What you have to do >> For this exercise, please transcribe exactly and only the lines from the one containing "front view of" through the end of the material, both ends included, without pictures.

Supplied data >>
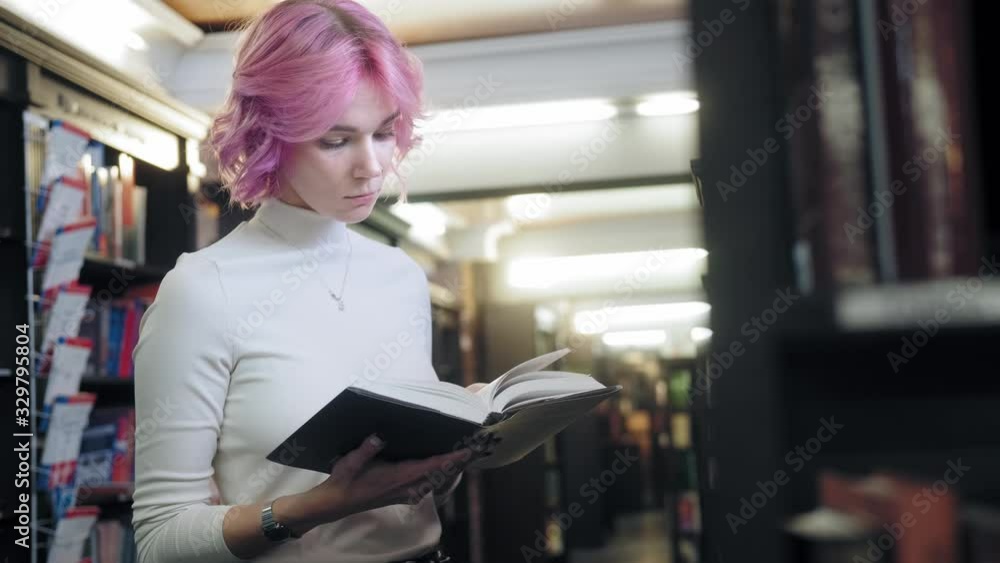 Modern female student in a library is studying a book Modern female student in a library is studying a book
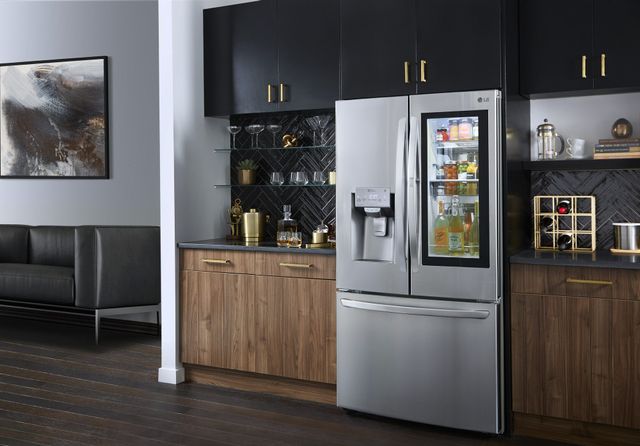 front view of a modern kitchen with an LG instaview french door refrigerator in front of a sleek black tile backsplash decorated with various glass and gold drinkware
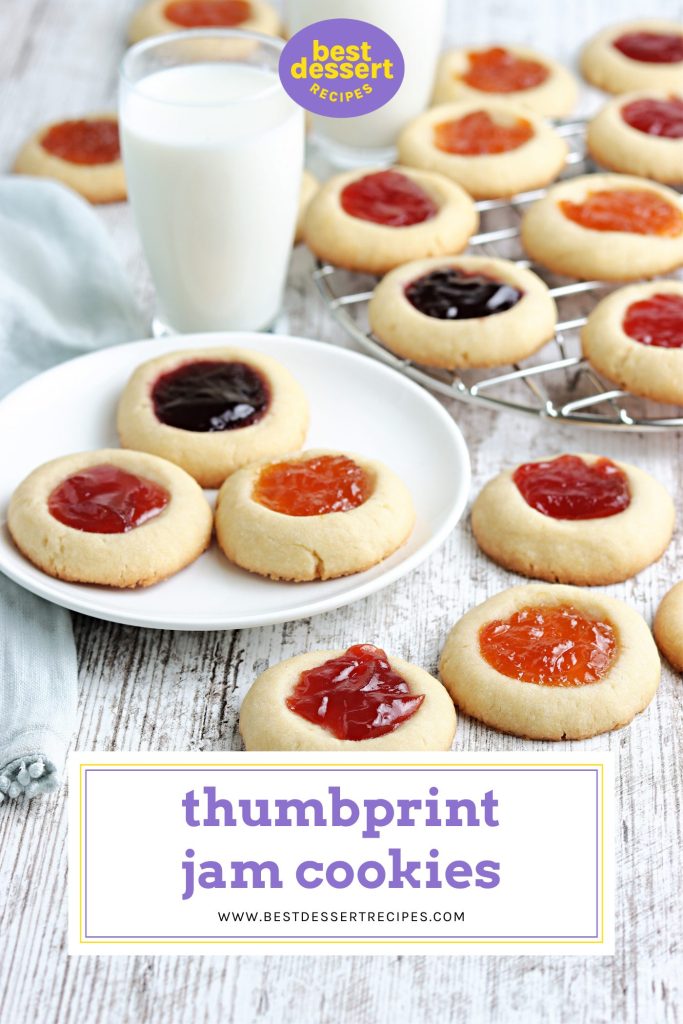 three thumbprint cookies on a plate with a glass of milk behind it with text overlay for pinterest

Problem solution >>
 front view of a modern kitchen with an LG instaview french door refrigerator in front of a sleek black tile backsplash decorated with various glass and gold drinkware
 three thumbprint cookies on a plate with a glass of milk behind it with text overlay for pinterest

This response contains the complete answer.